Morpho niepelti

Scientific classification
- Domain: Eukaryota
- Kingdom: Animalia
- Phylum: Arthropoda
- Class: Insecta
- Order: Lepidoptera
- Family: Nymphalidae
- Genus: Morpho
- Species: M. niepelti
- Binomial name: Morpho niepelti Röber, 1927
- Synonyms: Morpho theseus staudingeri Niepelt, 1927;

= Morpho niepelti =

- Authority: Röber, 1927
- Synonyms: Morpho theseus staudingeri Niepelt, 1927

Species of butterfly

Morpho niepelti is a Neotropical butterfly.

==Description==
Morpho niepelti is a large butterfly.
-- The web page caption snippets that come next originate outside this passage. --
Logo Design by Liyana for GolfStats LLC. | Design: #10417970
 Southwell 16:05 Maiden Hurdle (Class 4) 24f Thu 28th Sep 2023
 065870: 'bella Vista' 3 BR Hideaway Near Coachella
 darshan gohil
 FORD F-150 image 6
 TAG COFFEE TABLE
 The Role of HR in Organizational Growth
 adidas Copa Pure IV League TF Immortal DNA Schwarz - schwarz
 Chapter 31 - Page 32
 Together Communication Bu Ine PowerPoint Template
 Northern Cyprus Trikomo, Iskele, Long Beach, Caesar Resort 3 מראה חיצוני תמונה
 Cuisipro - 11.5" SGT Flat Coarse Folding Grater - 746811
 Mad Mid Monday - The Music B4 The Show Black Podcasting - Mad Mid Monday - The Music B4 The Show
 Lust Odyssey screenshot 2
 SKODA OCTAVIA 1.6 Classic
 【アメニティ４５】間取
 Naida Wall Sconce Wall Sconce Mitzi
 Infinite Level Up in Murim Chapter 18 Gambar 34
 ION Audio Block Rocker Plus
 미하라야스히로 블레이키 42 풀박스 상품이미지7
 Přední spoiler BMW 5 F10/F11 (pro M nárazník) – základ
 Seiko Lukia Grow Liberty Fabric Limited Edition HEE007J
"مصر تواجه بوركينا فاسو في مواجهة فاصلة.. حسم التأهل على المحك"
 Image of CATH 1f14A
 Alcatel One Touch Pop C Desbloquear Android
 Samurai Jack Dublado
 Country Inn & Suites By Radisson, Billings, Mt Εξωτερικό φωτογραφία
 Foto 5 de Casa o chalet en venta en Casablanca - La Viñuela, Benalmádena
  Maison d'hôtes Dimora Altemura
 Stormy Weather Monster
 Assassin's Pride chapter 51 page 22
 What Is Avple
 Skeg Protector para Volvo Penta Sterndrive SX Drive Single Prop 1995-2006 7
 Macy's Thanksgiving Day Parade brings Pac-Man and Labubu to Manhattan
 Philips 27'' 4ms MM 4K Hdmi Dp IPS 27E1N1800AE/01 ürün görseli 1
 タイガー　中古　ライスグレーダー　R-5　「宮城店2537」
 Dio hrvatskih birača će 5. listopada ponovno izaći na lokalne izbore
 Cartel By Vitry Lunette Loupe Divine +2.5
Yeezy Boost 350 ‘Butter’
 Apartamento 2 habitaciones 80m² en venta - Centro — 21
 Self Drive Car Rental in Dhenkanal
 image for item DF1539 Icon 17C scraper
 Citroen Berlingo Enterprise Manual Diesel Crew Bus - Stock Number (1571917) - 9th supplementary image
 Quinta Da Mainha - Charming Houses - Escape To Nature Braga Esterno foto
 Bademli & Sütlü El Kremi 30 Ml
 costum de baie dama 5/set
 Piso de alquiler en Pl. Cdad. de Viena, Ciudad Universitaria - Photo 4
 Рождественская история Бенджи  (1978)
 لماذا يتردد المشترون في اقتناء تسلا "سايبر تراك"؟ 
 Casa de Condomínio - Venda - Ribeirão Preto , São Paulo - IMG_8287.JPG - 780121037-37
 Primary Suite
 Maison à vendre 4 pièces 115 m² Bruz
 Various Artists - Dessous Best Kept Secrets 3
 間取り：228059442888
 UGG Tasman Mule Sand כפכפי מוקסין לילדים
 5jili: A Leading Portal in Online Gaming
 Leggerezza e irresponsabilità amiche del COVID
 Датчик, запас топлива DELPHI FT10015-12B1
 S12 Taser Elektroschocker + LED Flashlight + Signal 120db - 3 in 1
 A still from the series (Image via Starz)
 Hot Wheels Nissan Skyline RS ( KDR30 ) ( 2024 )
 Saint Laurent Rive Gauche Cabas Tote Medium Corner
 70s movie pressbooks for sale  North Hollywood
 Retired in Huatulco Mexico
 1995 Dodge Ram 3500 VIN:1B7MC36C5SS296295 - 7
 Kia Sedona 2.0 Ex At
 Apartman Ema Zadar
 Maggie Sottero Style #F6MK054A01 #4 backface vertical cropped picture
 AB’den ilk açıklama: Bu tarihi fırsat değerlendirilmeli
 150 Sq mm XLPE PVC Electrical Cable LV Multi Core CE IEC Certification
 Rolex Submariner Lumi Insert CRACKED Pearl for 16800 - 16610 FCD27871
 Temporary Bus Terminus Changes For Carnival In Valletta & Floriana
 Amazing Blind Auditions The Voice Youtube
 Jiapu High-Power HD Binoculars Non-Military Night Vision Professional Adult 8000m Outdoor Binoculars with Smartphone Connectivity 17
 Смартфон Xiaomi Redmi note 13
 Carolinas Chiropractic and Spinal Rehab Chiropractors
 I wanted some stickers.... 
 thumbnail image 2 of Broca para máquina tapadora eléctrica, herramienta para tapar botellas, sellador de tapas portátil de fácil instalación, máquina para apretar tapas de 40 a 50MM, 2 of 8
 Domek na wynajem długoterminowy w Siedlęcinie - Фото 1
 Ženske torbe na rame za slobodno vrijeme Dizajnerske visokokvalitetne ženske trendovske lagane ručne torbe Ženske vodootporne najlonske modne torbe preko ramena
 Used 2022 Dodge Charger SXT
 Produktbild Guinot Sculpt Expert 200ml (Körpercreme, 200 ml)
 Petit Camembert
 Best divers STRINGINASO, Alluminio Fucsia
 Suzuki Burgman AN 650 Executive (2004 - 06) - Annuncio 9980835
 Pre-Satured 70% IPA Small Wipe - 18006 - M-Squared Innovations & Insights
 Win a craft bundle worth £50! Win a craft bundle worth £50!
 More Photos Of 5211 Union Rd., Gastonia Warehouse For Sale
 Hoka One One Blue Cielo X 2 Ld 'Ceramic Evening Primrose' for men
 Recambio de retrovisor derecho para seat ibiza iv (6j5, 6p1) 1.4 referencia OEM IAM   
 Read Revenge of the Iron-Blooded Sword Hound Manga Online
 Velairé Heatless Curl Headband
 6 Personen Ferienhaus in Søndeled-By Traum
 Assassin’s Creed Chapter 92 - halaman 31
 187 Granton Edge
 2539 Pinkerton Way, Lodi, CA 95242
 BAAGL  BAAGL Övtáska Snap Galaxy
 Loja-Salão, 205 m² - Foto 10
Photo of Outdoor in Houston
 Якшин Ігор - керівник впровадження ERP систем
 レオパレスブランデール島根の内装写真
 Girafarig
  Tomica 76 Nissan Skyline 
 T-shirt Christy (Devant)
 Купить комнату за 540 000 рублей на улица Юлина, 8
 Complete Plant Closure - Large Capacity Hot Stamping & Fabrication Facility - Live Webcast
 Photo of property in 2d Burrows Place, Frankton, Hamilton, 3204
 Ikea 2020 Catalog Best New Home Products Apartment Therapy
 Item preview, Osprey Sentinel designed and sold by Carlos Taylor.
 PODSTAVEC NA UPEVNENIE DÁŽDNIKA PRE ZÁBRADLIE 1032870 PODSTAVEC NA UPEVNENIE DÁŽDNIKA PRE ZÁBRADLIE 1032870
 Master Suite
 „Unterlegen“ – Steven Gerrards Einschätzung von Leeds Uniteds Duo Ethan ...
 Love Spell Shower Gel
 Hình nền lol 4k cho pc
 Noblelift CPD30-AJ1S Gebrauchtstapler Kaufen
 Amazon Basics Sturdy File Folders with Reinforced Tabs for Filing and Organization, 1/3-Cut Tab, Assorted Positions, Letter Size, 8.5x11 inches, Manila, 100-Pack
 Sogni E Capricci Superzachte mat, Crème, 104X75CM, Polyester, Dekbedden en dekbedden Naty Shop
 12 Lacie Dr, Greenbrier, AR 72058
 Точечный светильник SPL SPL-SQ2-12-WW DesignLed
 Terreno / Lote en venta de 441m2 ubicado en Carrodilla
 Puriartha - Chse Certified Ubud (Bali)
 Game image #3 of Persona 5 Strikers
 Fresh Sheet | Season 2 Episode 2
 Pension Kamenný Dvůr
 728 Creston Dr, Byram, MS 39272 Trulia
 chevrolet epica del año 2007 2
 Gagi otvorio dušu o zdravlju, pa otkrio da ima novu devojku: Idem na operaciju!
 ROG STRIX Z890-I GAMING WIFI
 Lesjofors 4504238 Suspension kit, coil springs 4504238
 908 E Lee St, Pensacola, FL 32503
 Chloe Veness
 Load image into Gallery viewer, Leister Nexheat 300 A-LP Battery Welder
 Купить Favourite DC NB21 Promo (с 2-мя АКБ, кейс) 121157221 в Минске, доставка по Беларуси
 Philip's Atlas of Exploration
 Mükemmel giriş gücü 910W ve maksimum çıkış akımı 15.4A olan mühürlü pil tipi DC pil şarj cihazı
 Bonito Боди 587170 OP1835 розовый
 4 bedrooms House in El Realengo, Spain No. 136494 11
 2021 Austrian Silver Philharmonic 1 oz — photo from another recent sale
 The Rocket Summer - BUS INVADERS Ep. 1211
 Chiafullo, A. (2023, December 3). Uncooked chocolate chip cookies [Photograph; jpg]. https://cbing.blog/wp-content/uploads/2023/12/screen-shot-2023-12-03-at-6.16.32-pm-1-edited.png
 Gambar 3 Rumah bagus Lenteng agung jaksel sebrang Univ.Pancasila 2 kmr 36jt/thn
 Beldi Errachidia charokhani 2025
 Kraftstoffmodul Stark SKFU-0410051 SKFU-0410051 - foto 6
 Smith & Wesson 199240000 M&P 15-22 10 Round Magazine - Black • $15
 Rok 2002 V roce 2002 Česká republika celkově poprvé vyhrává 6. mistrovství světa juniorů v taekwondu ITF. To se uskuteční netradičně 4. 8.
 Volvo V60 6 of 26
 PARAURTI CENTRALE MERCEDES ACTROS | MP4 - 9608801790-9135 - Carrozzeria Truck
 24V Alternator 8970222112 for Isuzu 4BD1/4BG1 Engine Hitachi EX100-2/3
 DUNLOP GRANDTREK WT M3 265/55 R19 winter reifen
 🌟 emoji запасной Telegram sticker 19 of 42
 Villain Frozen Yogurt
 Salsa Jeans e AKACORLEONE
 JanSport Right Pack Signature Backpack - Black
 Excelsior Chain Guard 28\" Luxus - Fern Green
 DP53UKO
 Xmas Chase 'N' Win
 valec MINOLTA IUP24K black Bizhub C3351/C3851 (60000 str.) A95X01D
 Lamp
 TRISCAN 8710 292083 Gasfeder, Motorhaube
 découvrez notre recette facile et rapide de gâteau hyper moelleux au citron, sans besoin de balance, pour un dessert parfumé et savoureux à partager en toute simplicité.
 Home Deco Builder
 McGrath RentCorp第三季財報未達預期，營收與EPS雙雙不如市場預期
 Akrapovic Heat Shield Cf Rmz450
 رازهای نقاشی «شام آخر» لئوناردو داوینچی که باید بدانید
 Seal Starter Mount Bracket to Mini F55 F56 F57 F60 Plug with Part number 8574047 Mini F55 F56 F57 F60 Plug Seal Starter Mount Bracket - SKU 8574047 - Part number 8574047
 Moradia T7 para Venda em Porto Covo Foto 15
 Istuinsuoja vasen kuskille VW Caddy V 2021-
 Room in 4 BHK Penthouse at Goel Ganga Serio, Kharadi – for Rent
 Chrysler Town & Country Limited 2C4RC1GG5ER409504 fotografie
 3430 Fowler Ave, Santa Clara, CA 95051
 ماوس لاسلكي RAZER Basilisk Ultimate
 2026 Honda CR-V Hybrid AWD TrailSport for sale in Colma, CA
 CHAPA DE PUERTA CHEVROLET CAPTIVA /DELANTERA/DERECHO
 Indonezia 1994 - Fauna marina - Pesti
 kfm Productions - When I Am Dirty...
The forewings have a concave outer edge and the outer edge of the hindwing is very scalloped. The upperside is more or less dark blue with a very dark marginal band and a very dark strip that runs along two-thirds of the costal edge of the forewing. The underside is brown with a line of ocelli.

==Distribution==
Morpho niepelti is an endemic species found only in Colombia.

==Taxonomy==
Morpho niepelti was described by Julius Röber in 1927 under the initial name Morpho theseus staudingeri.

==Etymology==
The name honours Friedrich Wilhelm Niepelt.